- Saturday, November 7, 2020

One of the recurring themes from the left about the election results is that they lost — or didn’t do as well as they had hoped — not because their ideas are terrible, but because about half of all Americans are racists or morons or illiterate or just plain bad people.

Whatever else it is, it is certainly a different approach to persuasion.

Part of the liberals’ problem is that they were misled by their own pollsters, who told them repeatedly in a variety of ways that most of America agreed with them on most issues. They were so convincing that donors (looking at you, Mike Bloomberg) were persuaded to spend hundreds of millions of dollars on races that were never really close.    

I’ve already noted in this column that among the losers in this election cycle are opinion researchers. But the extent of the inaccuracy is worth examining.

Opinion researchers spent a lot of time talking about the “shy” Trump voter and they will blame those voters for missing the actual results so badly. But that’s nonsense. The real problem is that pollsters systematically oversampled Democrats because that’s who they thought would actually show up or because it made their numbers look “better.”

The bias-driven inaccuracy spread well beyond the presidential race. In the North Carolina Senate race, Real Clear Politics had Democratic challenger Cal Cunningham ahead of Sen. Thom Tillis in every survey leading up to election, with the average 2.6%. Mr. Tillis is ahead by a point.

In South Carolina, Ron Faucheux’s average of surveys had Republican Sen. Lindsey Graham up by 3 points; he won by 10. In Montana, Mr. Faucheux’s average had Republican Sen. Steve Daines and Democratic challenger Steve Bullock even. Mr. Daines won by 10. In Kentucky, Senate Majority Leader Mitch McConnell was supposed to win by 10, while he won by 20. In Kansas, Republican Roger Marshall was supposed to win by 3; he won by 12.

You get the point. In every instance and at every turn in this campaign, the polling bias was in one direction and was based not only on a misapprehension of Trump voters, but also on a misapprehension of all voters.

The intellectual and moral collapse of opinion research was widespread and uniform.

The job of the opinion researchers in any campaign is to tell the truth, especially when it’s ugly.
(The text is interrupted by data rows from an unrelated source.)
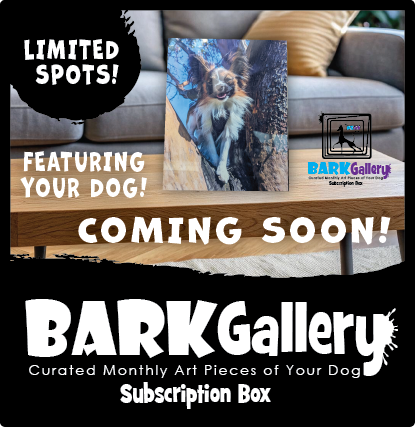 BARK GALLERY  - MONTHLY BOX (6 MONTHS)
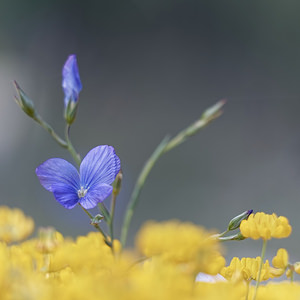 Linum narbonense (Linaceae)  - Lin de Narbonne Hautes-Alpes [France] 30/05/2016 - 1250m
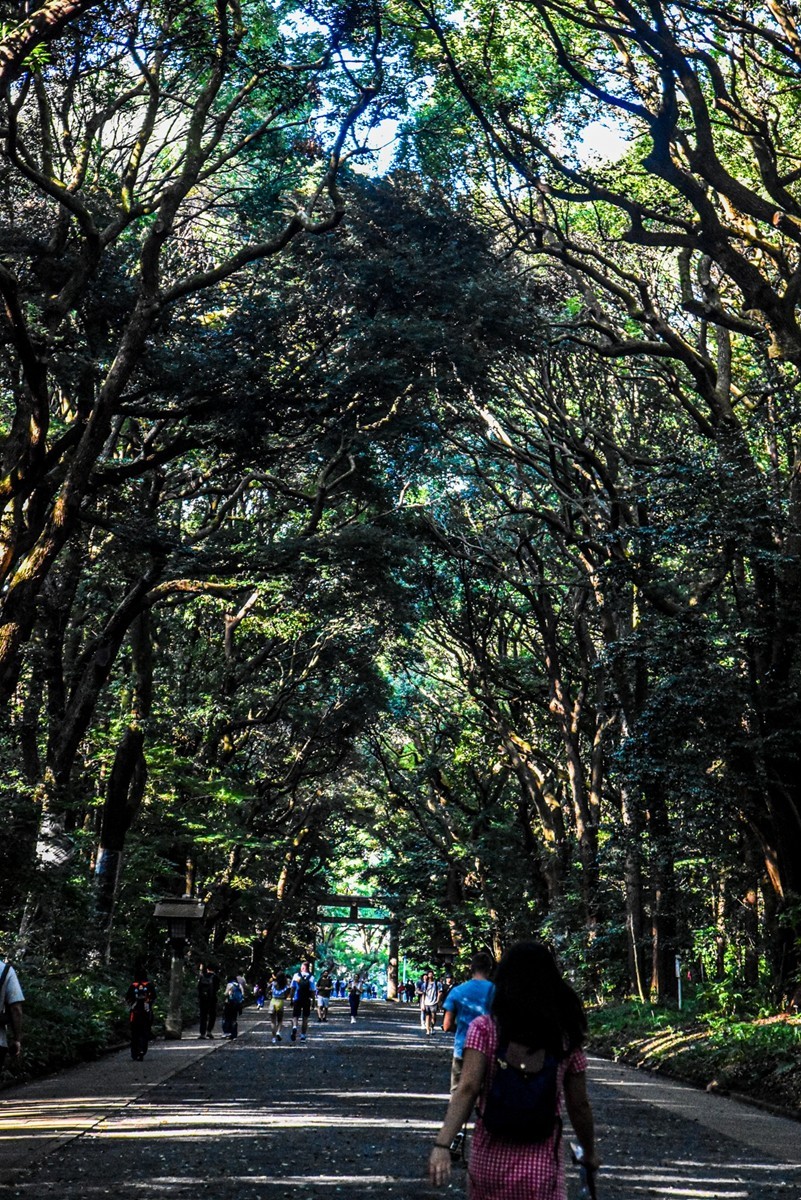 明治花园（日本）--祝师友新年快乐！！！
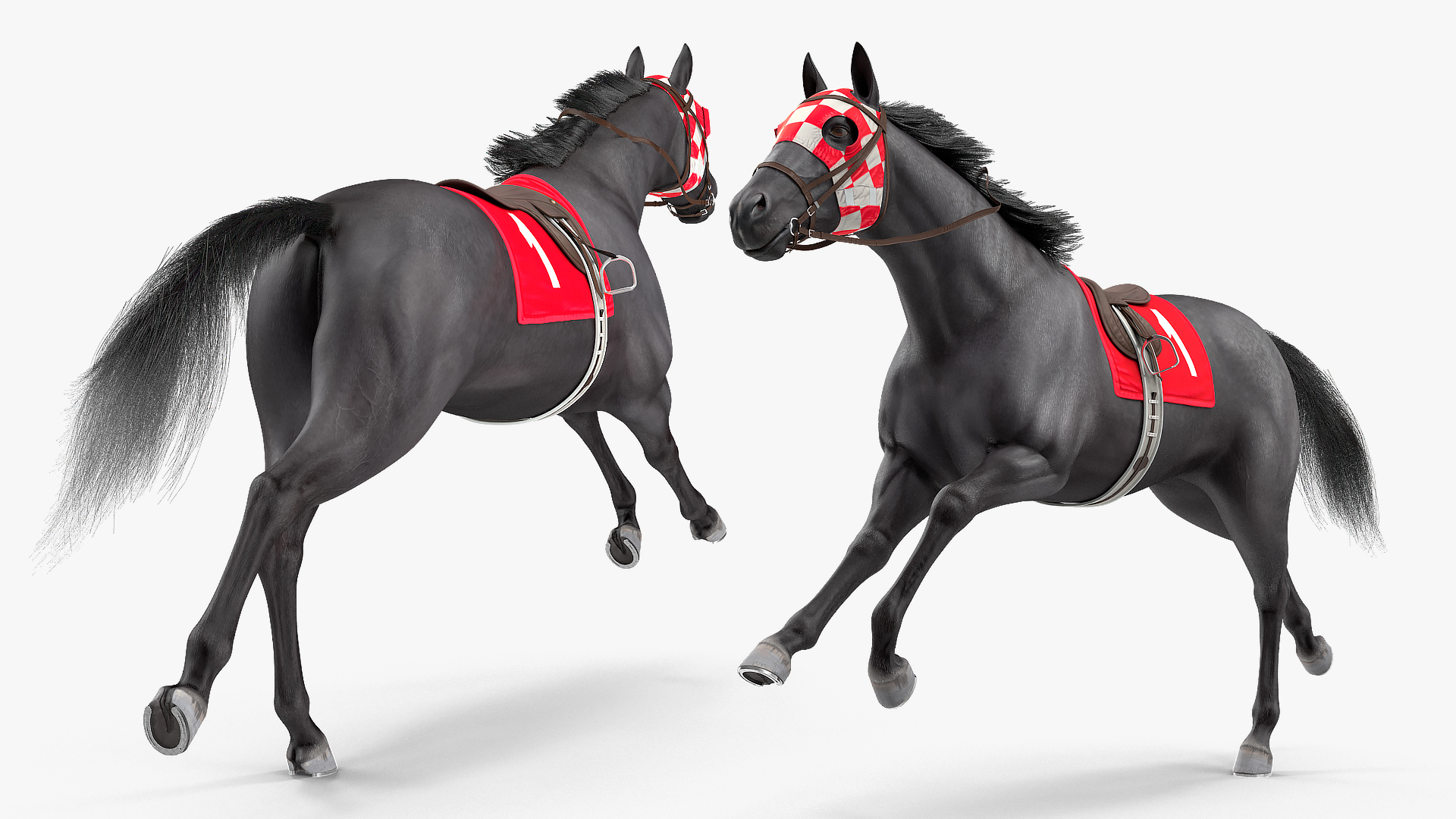 3D Black Racehorse Fur Rigged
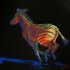 Midnight_run_medium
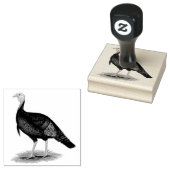 Turkey: Eastern Wild Tom Gummistempel (Stempel)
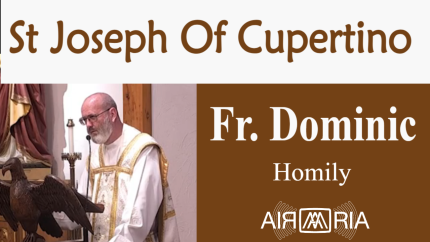 A Flying Saint – Sep 18 – Homily – Fr Dominic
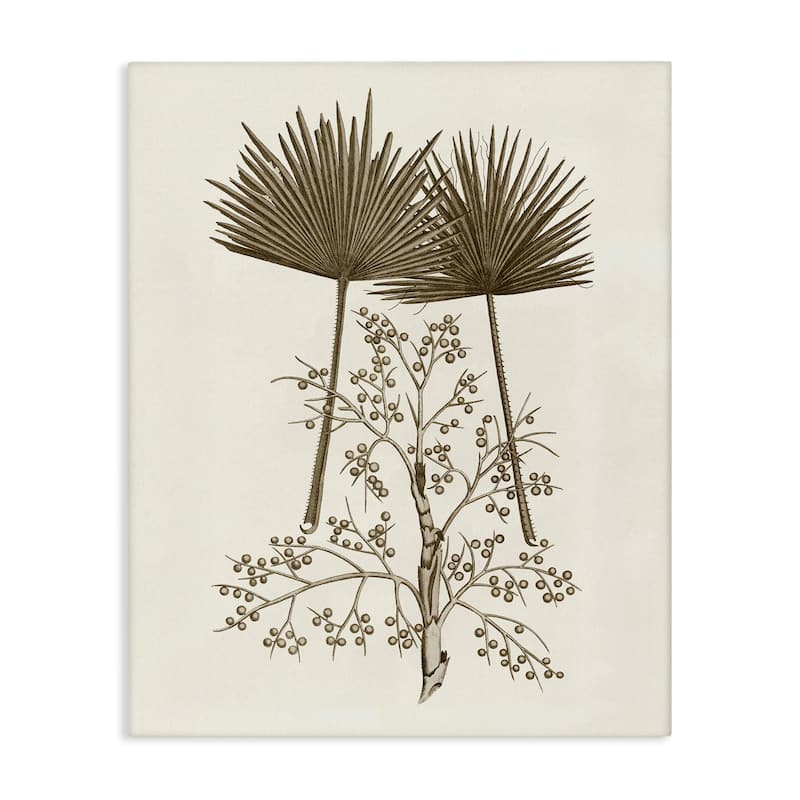 Stupell Palm Leaf & Olive Branches Canvas Wall Art Design By Phillipa Katz - 36 x 48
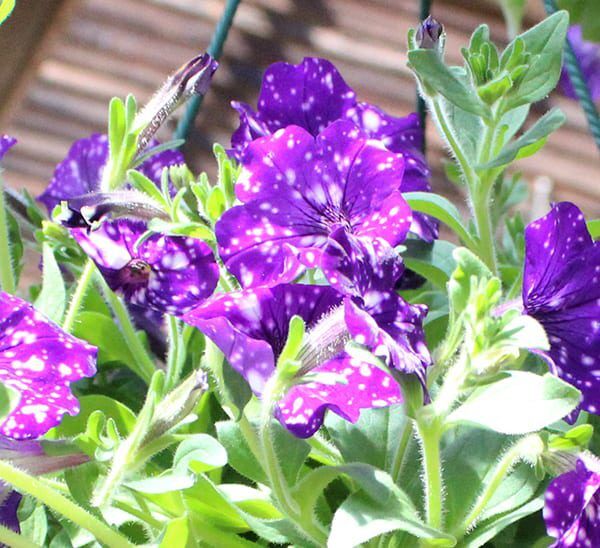 night sky petunia hanging basket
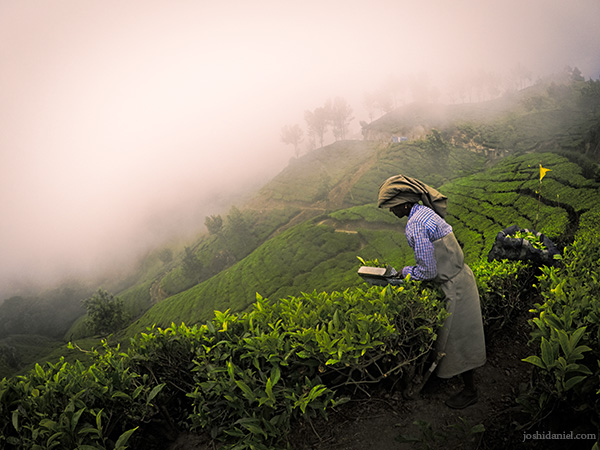 An estate labourer trimming the tea branches in Top Station, Munnar, Kerala
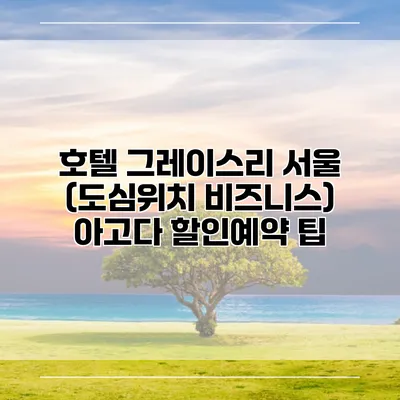 호텔 그레이스리 서울 (도심위치 비즈니스) 아고다 할인예약 팁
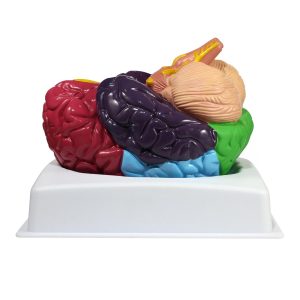 Hersenmodel met gekleurde zones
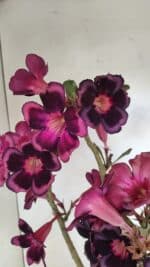 Planta Simples 3209 – 50cm – 04 anos - Imagem 4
He or she is supposed to tell a candidate: “That’s a great idea, unfortunately, everyone hates it.”

In this cycle, few of those conversations happened. Consequently, folks on the left in places as diverse as MSNBC and The New York Times expressed their outrage or disgust at the election results and the idea that their countrymen might not be as woke as they had imagined or been told by their pollsters.

But really, they are angry because they were surprised and looked foolish because they expected something that was never going to happen — the mass acquiescence of ordinary Americans to the more daffy and dangerous parts of the liberal agenda.

That’s the risk when the one person in politics who is supposed to tell the truth — the researcher — becomes just another cog in the propaganda machine.

• Michael McKenna, a columnist for The Washington Times, is the president of MWR Strategies. He was most recently a deputy assistant to the president and deputy director of the Office of Legislative Affairs at the White House.